Ao absorver a deusa, absorveu dela toda sua sabedoria e o poder de conhecer o bem e o mau. Assim, não havia mais perigo para Zeus. Só que ao absorver a deusa, Zeus também absorveu a filha que estava no ventre da mãe. Como sabemos que homens não podem dar à luz (graças a Deus, pois imagina o caos que seria), Atena tinha que sair de algum lugar. Um dia Zeus começou a sentir dores de cabeça incontroláveis. Imagina uma enxaqueca na intensidade da dor de um parto. Deve ser bem por aí, imagino. Desesperado com o sofrimento, Zeus ordenou que Hefesto desse uma martelada na cabeça dele. O deus coxo assim o fez e tchanan! Um clarão de uma estranha luz saiu da cabeça de Zeus e eis Atena. A deusa que nasceu da cabeça do deus dos deuses era uma linda jovem de olhos azuis, profundamente sábia, corajosa e forte. Usava uma túnica comprida e um elmo, e carregava consigo uma lança e um escudo.

 Athena's "Birth" - Marvel Comics

Ela já chegou entre os deuses triunfante e majestosa e todos a admiraram imediatamente de tão encantados que ficaram com ela. Em agradecimento à recepção calorosa, Atena inclinou a cabeça a Zeus e aos demais deuses. E acreditando que sua aparência não era das mais agradáveis devido à sua armadura, retirou o elmo, e o escudo e os depositou, junto com sua lança aos pés de seu pai, dizendo esperar jamais ter que usa-los.

 

Zeus sorriu emocionado pelo gesto de submissão da filha que acabara de conceber de sua mente, e a partir daquele momento, Palas- Atena se tornou a filha predileta de Zeus. Palas significa “donzela” e Atena era assim chamada por haver decidido, assim como Ártemis, jamais se casar, sendo assim, independente e livre da sominação do homem. Apesar de ser excelente estrategista, Atena detestava as guerras e só usava suas armas quando extremamente necessário. Era muito poderosa, e por isso, era praticamente invencível. Era chamada de Atena-Nike pelas suas vitórias (Nike significa vitória). Ao fim de suas lutas, sempre depositava novamente aos pés do pai suas armas. E jamais contava vantagem sobre suas vitórias.

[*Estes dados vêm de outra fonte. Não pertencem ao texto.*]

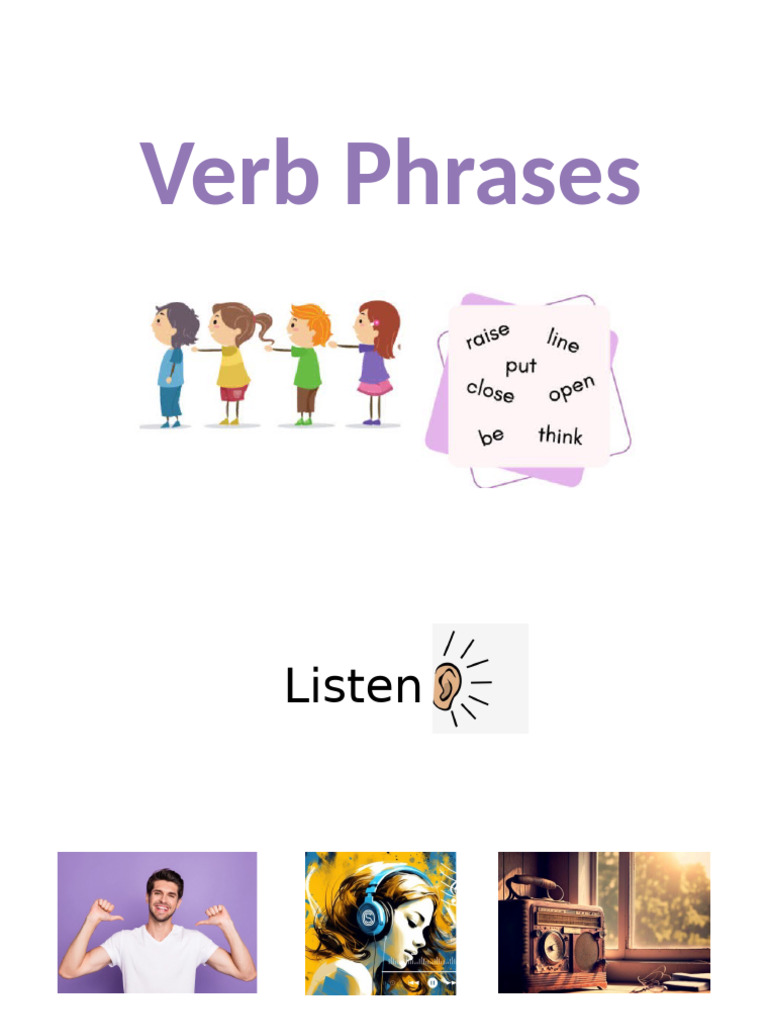Common Verb Phrases for Communication | PDF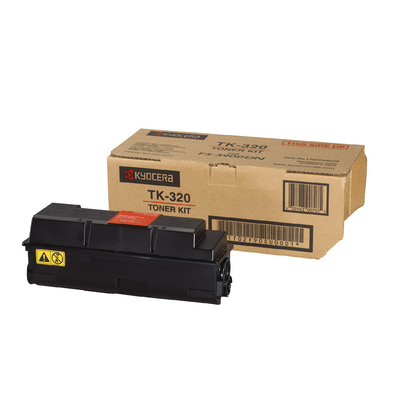 Kyocera Värikasetti Musta - Tk-320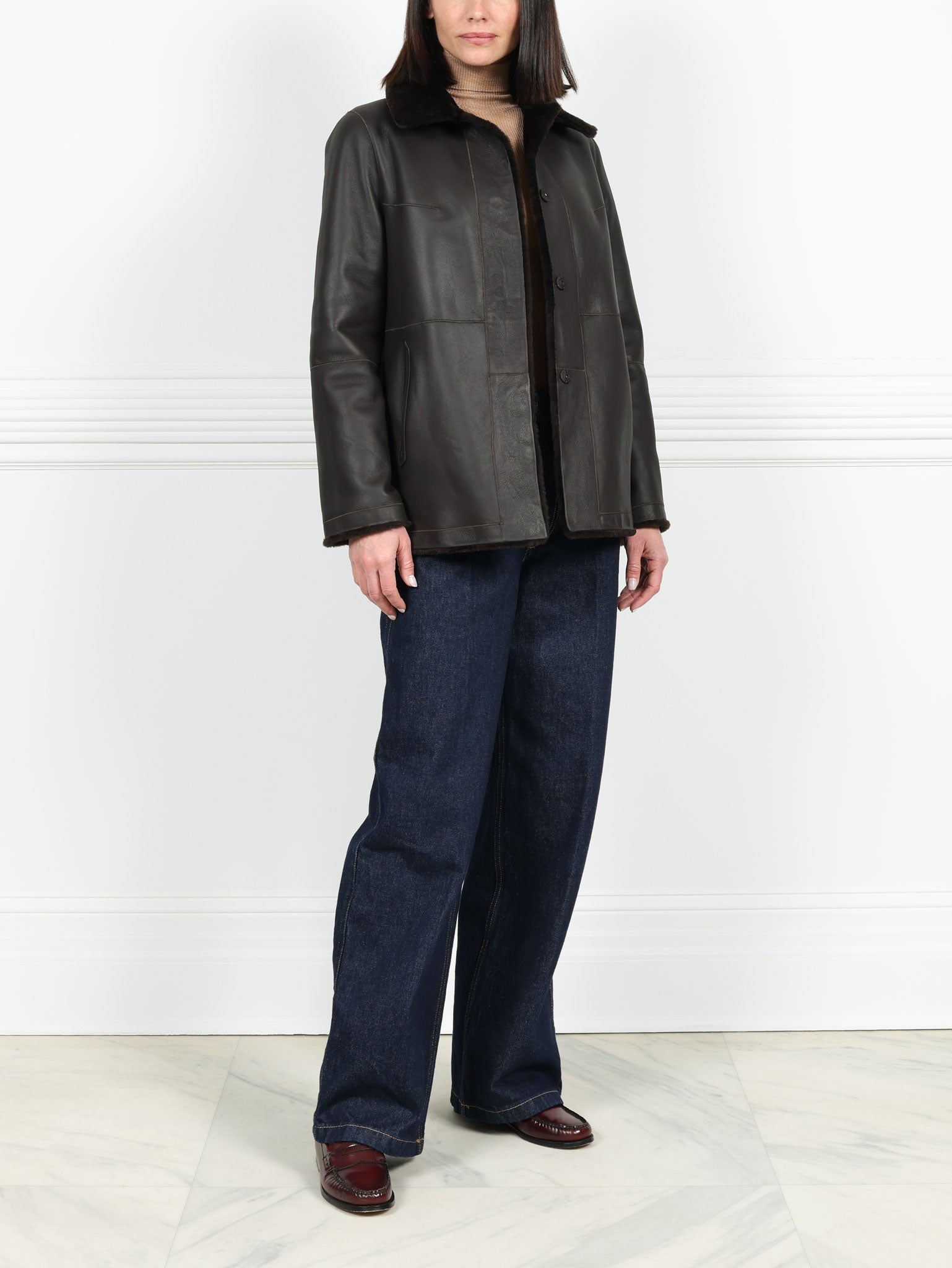 The Skye Shearling Jacket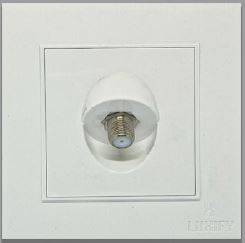 فيش دش لوكسيفاي (LUXIFY) أبيض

Era uma deusa humilde e se dedicava a diversos trabalhos, manuais ou intelectuais. Sempre tinha novas ideias para ajudar a humanidade de alguma maneira. Se foi Deméter que ensinou os homens a arar a terra, foi Atena que fez melhorias no sistema, e o homem passou a fazer seu trabalho nos campos com ajudas de animais, como bois, por exemplo. Logicamente, a humanidade passou a produzir mais alimento com as novas técnicas criadas por Athena.

 

Um dos seus trabalhos manuais preferidos era tecer e bordar em seu tear. Criava roupas para os deuses, e peças de tapeçaria com imagens de cenas gregas perfeitas. Seus trabalhos eram perfeitos, impecáveis e maravilhosos. Muitas mortais aprenderam com a própria deusa a tecer e bordar.

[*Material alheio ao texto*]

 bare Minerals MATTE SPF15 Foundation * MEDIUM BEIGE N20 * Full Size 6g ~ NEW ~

Mas uma mortal, chamada Aracne, princesa do reino da Lídia, se orgulhava de seus próprios trabalhos e por vaidade decidiu desafiar Atena. Bem, por mais justo e bom que um deus grego seja, não é nunca uma boa ideia desafiá-lo. Nunca acaba bem. Atena aceitou o desafio da princesa e se pôs a trabalhar ao lado dela. Atena teceu uma cena de deuses e mortais muito interessante e Aracne, muito da impertinente, teceu uma cena onde os deuses eram representados de maneira pejorativa, ou seja, a peça insultava todos os deuses. A obra era tecnicamente perfeita, mas Aracne precisava de uma lição. Atena destruiu a peça e Aracne se sentiu tão humilhada que tentou se matar enforcada por uma corda. Mas Atena a libertou e transformou em um inseto, determinando que ela deveria continar viva, tecendo como antes, porém pendurada por uma corda. E assim surgiram as aranhas.

Os símbolos de Atena são a Oliveira e a Coruja.